A dívida com a Eletrobras será paga e ela ainda vai ficar com 7% da Celg e vice-diretorias. Como o sr. avalia essa situação?

É uma federalização branca. Estão federalizando a Celg. Vai ter o presidente, mas quem vai mandar são os diretores.

O governo era contra o seu parecer até o último momento, mas acabou cedendo...

O governo cedeu e votou conosco. Ele entendeu que o caminho para a salvação da Celg é esse. A única pessoa que não entendeu isso foi a deputada Betinha Tejota (PSB).


O deputado Daniel Goulart disse que o governo estaria tentando fazer uma manobra para de, alguma maneira, aproveitar politicamente a vinda desse recurso. O sr. concorda com ele?

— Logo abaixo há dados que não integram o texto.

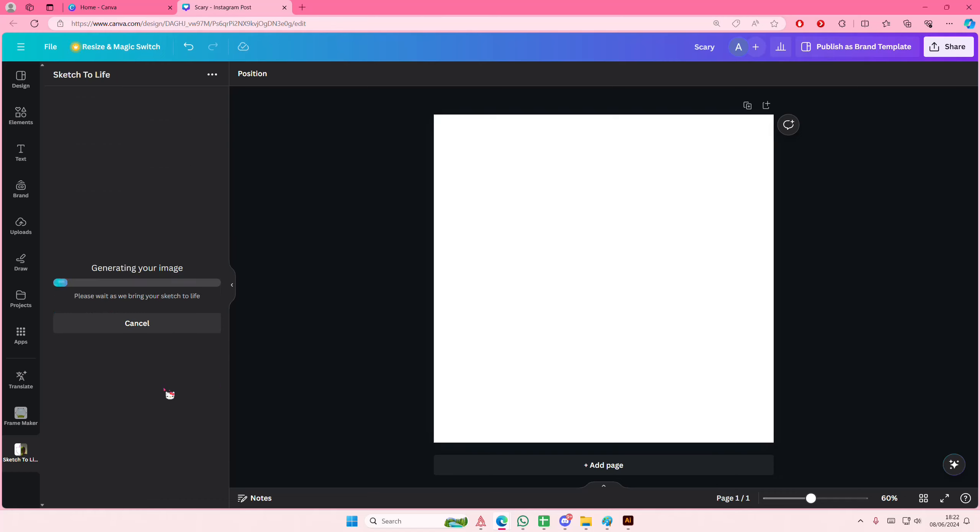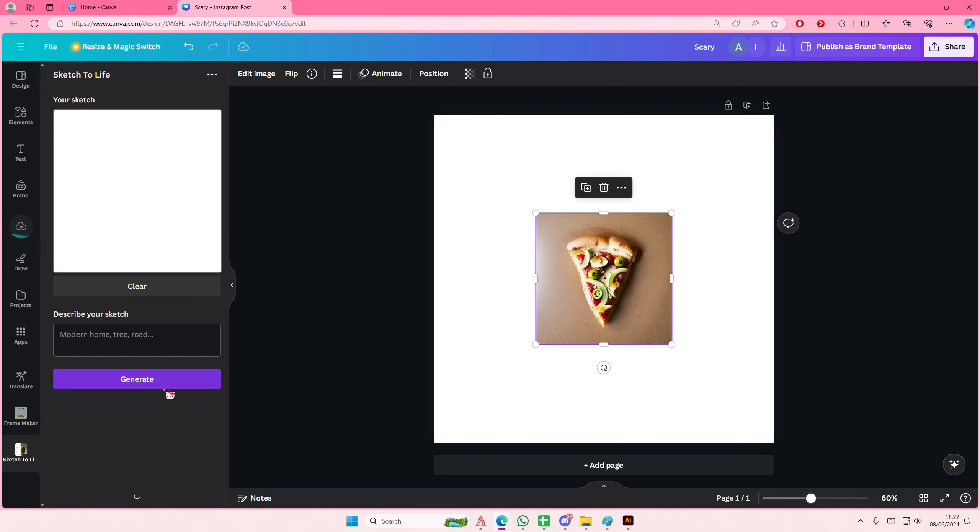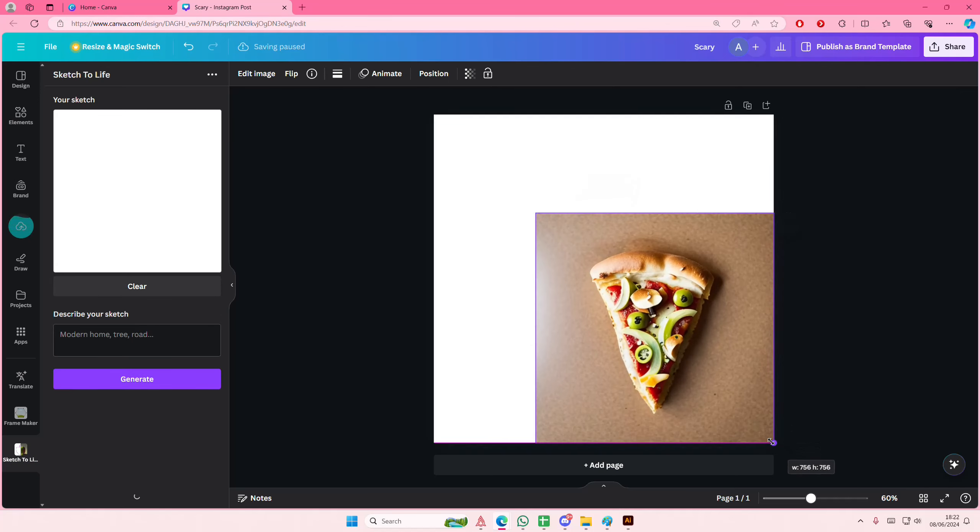Select generate and it's going to bring my sketch to life. Taking a few seconds to do so. And here it is.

Penso que não teria como o recurso ser utilizado na campanha política. A primeira etapa vai cair após as eleições no mês de novembro. O que acredito que ele quis dizer é que isso possa causar uma falsa expectativa de que o caixa do governo seria reforçado com recurso extra que poderia ser rateado com os correligionários. O governo federal seria o fiador desse empréstimo, mas a garantia real seria o Fundo de Participação do Estado (FPE), que ficaria comprometido para os próximos 15 anos, até inviabilizando o pagamento da folha de funcionários. Cremos inclusive que só vai sair a primeira parcela. Acredito que as outras não virão. O Estado não tem aporte dentro daqueles 16% para garantir o restante. Ou se pega esse agora e joga direto na Celg ou então fica difícil.